Sunday, February 22, 2015

Short and sassy

I got a haircut yesterday. My chin length bob is gone, and in its place is a spiky pixie cut. If I didn't wear makeup, I'd look like a guy. But, hey, I'm from Texas, and while I may not have the Big Hair anymore, my momma taught me the benefits of red lipstick and black mascara.

The haircut reminded me of my first haircut, which was also very, very short. Cut that way by my older brother with the garden shears when I was eighteen months old and he was five. Actually he only wacked off one side before my grandmother looked out the kitchen window and came screaming out into the yard to stop him. Later, my grandmother with tears in her eyes met my mother at the backdoor when she came home. "I'm so sorry. I couldn't stop him before... before..."

My mother pushed her way inside. "What? What are you telling me? Where are the children? Are my babies all right?"

And there I sat in a highchair eating a cracker with one side of my head covered with delicate, darling blonde curls while the other side looked like an Indian had gotten hold of me, cutting my hair close to the scalp.

Mother was so relieved that no one had been hurt, or worse. She finished the job that my brother had begun and cut off the remaining baby curls, except for one right on top. Yes, I became the little girl with the curl, as described by Henry Wadsworth Longfellow:

There was a little girl,
            Who had a little curl,
Right in the middle of her forehead.
            When she was good,
            She was very good indeed,
But when she was bad...(well, no need to go there!)
 
The finished haircut was quite adorable. Just as the one I got yesterday is.
 
Actually, short hair on a woman is bold and sassy, and the older I get, the bolder and sassier I feel.
 
Might as well look the part, right?

Sunday, February 15, 2015

Valetine's Day 1955

Around this time in 1955, I got the shingles. Yes, I was a little girl in elementary school with herpes zoster, a viral disease characterized by a painful skin rash that trailed a blistered stripe up my right thigh, around my hip, and across my lower back.

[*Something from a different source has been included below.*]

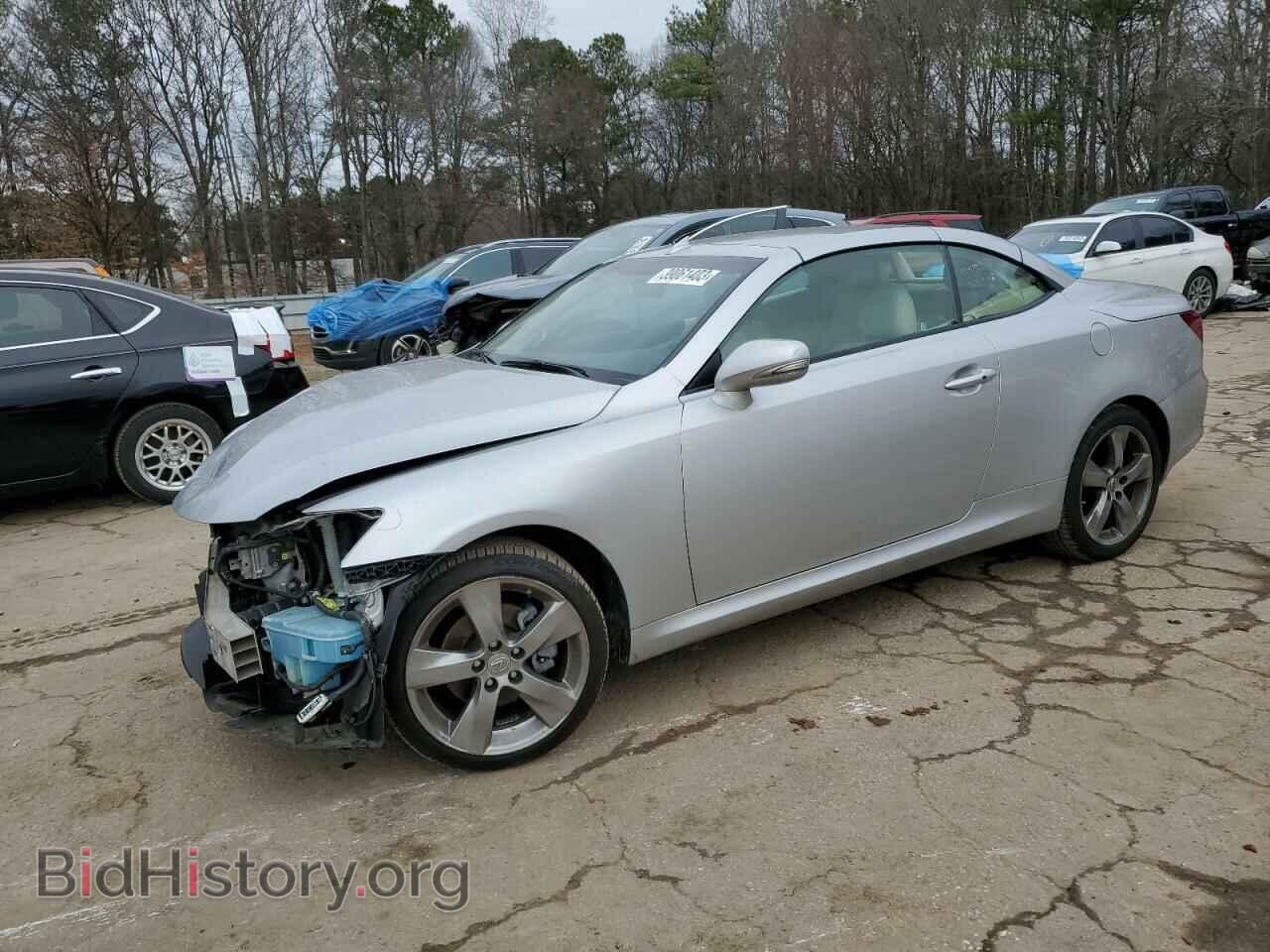 Photo JTHFF2C22A2513742 - LEXUS IS 2010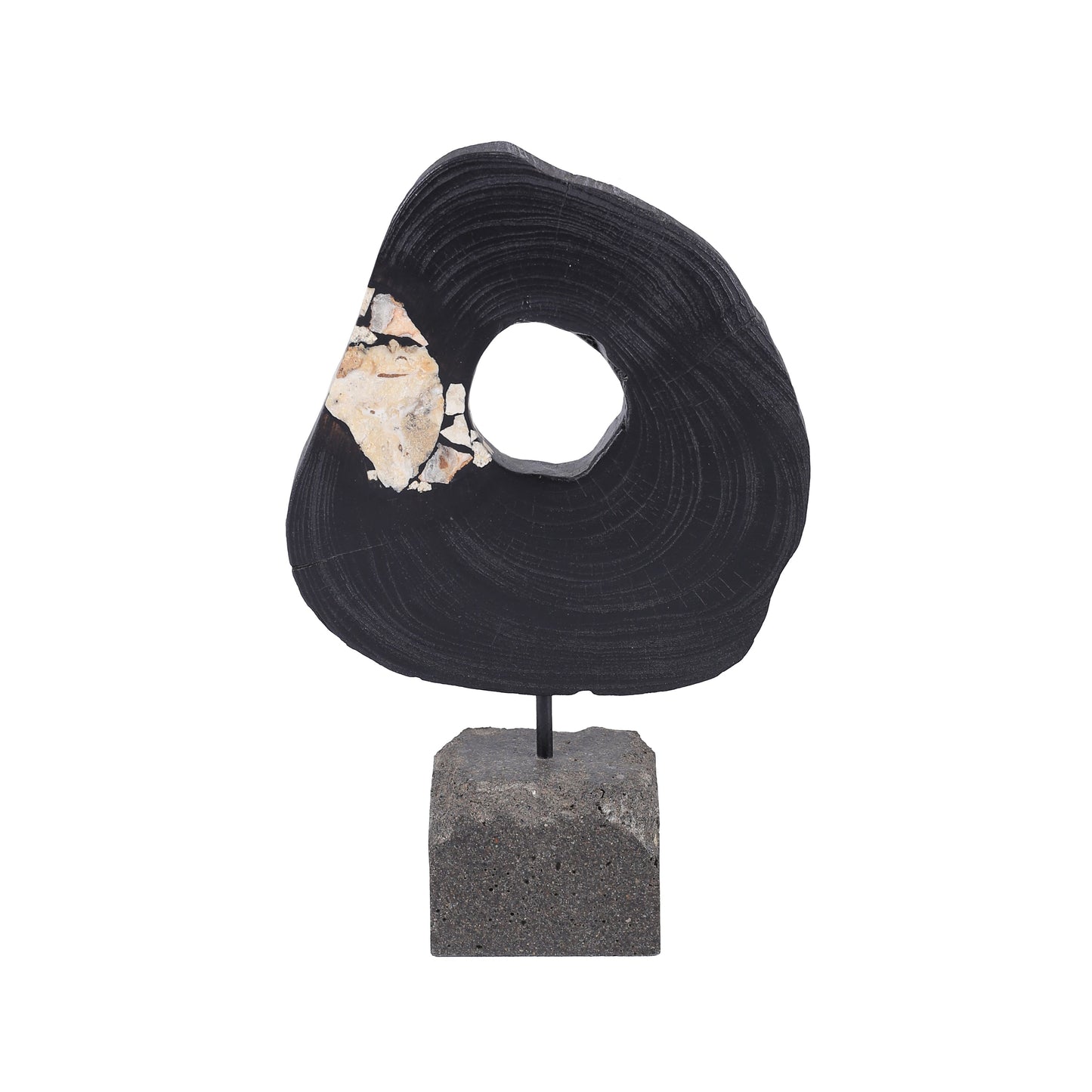 H0077-9821 - Dale Sculpture - Black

You've seen ads on television with old men like Terry Bradshaw talk about the debilitating pain?  Even though this happened sixty years ago, I still remember the scorching, shooting pain.  It was worse at night. I'd wake up screaming and bucking in my bed from the agony. My mother would come in and rub lotion on the blisters and tell me how sorry she was that I was hurting, that she would take the pain from me and carry it herself if she could. Mothers are like that, you know.

Mother was among those women who, after World War II, continued working outside the home--from 8 - 5, Monday through Friday. Like many families in the South, we had a maid who came in during the week, who cleaned and cooked and made sure we weren't latch-key kids. But when I got sick, Mother stayed home with me. My brothers were at school, so it was as if I were an only child, and she showered me with her attention.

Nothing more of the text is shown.